[Opening GIVEN INFORMATION section]
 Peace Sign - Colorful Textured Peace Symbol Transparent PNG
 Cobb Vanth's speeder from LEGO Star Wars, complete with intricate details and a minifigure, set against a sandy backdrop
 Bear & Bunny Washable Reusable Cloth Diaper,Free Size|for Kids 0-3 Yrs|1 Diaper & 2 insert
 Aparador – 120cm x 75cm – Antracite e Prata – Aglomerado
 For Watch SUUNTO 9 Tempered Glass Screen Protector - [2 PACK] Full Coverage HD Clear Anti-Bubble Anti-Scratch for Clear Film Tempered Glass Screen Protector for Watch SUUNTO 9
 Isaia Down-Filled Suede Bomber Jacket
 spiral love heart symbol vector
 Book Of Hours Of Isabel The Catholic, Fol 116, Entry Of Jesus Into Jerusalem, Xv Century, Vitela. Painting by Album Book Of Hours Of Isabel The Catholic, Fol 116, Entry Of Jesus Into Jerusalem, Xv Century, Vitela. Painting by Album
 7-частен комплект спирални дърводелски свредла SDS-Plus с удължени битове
[Closing GIVEN INFORMATION section]
TASK ITEM:
Beginning at the line that holds "For Watch SUUNTO 9 Tempered", write out word for word each line through the end of the records.

EXERCISE RESPONSE:
 For Watch SUUNTO 9 Tempered Glass Screen Protector - [2 PACK] Full Coverage HD Clear Anti-Bubble Anti-Scratch for Clear Film Tempered Glass Screen Protector for Watch SUUNTO 9
 Isaia Down-Filled Suede Bomber Jacket
 spiral love heart symbol vector
 Book Of Hours Of Isabel The Catholic, Fol 116, Entry Of Jesus Into Jerusalem, Xv Century, Vitela. Painting by Album Book Of Hours Of Isabel The Catholic, Fol 116, Entry Of Jesus Into Jerusalem, Xv Century, Vitela. Painting by Album
 7-частен комплект спирални дърводелски свредла SDS-Plus с удължени битове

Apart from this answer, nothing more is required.